The risk with the industrial railway approach is that this railway will exist for many years, in which the county governments have unlimited opportunity to dream up bizarre if not punitive regulations depending on their mood and the popularity of the railway and its customer at that point in time, and believe me, for all the griping done about the federal government in this forum, it is far less unpredictable or irrational than a county or small-town government, to say nothing of mean-spirited or greedy. You can easily imagine a situation in which the railway's home customer decided to reduce its workforce, or close out one line of business, and the county government exacts reprisal by coming up with industrial regulations that make the rest of the plant uneconomical to operate.
Railway Man wrote: As a common-carrier it would have the obligation to serve new customers if they appeared at terms and rates similar to what it was applying to its "home" customer. The risk with the common-carrier approach is that it's conceivable a large new customer -- a competitor of the home customer! -- would argue it was not liable to share in the very large costs to build this railway since its business was all "new" and the home customer had clearly anticipated amortizing the construction costs onto itself. The new customer could wait until one minute after the home customer completed the railway and its plant, paying all-in costs, then announce plans to build its own identical plant across the street, making the same product, pay only for the operating and maintenance costs of the common-carrier railway because it was "new" business and none of the construction costs, and thus be able to price itself identically with the home customer but at a much higher profit margin. Not a pretty picture. RWM
As a common-carrier it would have the obligation to serve new customers if they appeared at terms and rates similar to what it was applying to its "home" customer.

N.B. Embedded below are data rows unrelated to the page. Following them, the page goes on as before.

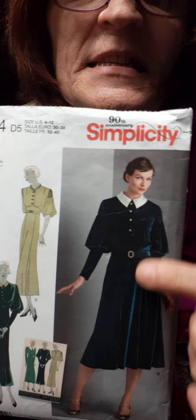Hi guys, this is a review that I want to show you. It is Simplicity 30s vintage style 8504, and to my knowledge this pattern is still available in the catalog.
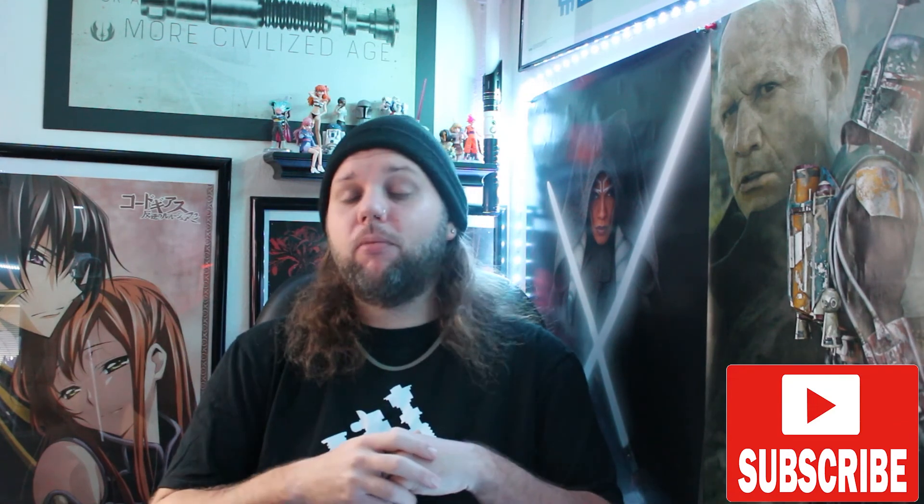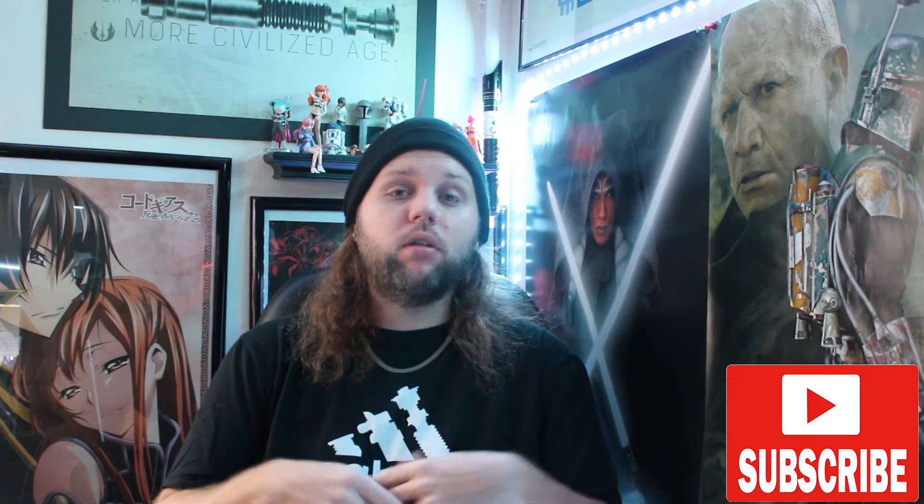What is up everybody and welcome back to another video from New Type Sith. If you haven't already, please make sure to hit that subscribe button so you can be updated on more nerd news, lightsaber reviews and much more.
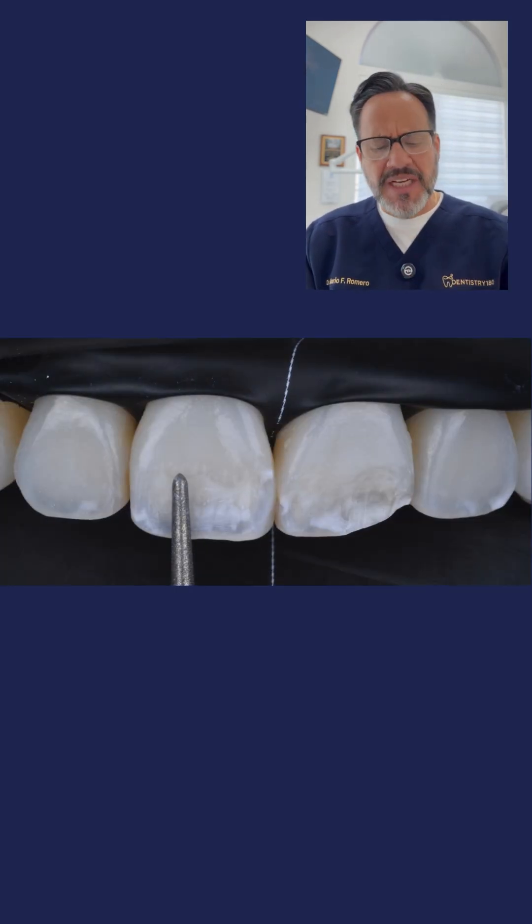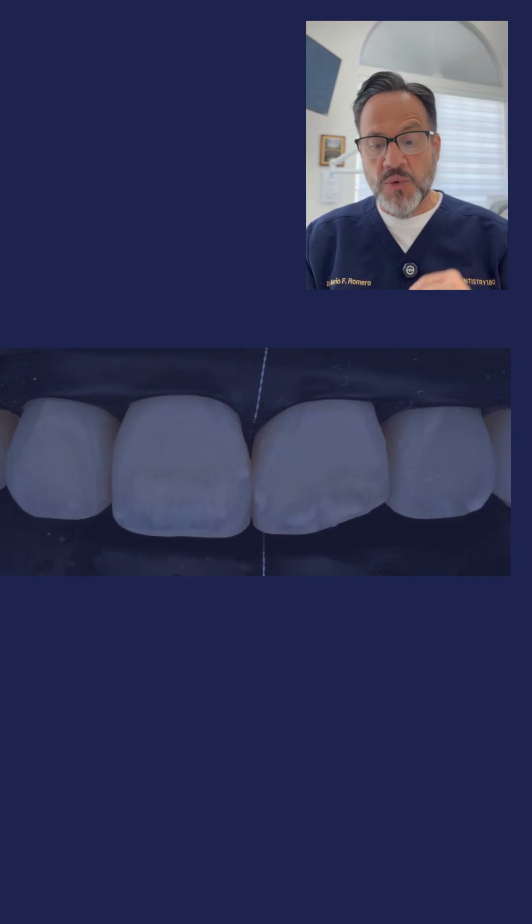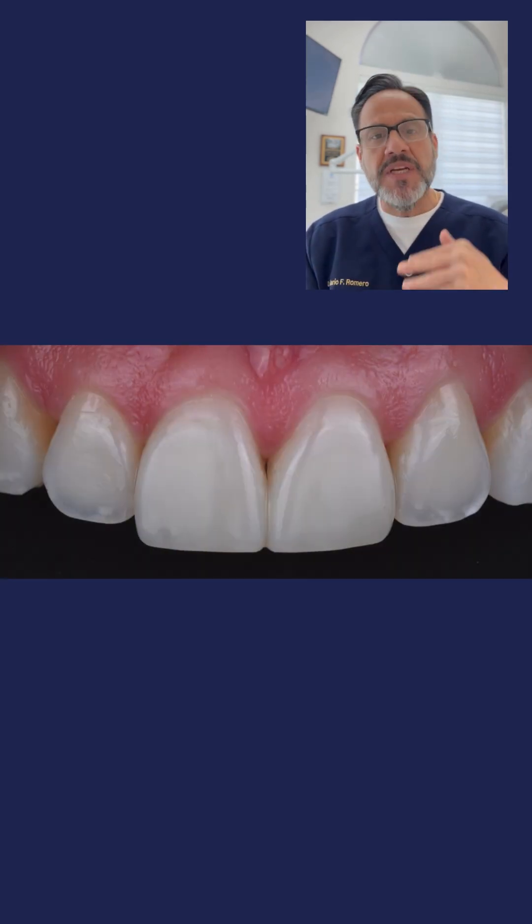On photo number seven, we're polishing the entire surface. On photo number eight, we're ready to restore.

Q. I have to charge them the same rates?
A. You could try. But you would likely lose before the STB as it would be unreasonably discriminatory to pick charge different rates for the same terms and conditions.
Q. I thought rates were private information?
A. Only if they are contract rates. Rates that are public tariffs are public. And the contract will not stay secret in a rate appeal to the STB.
You've been looking at my AMEX bill!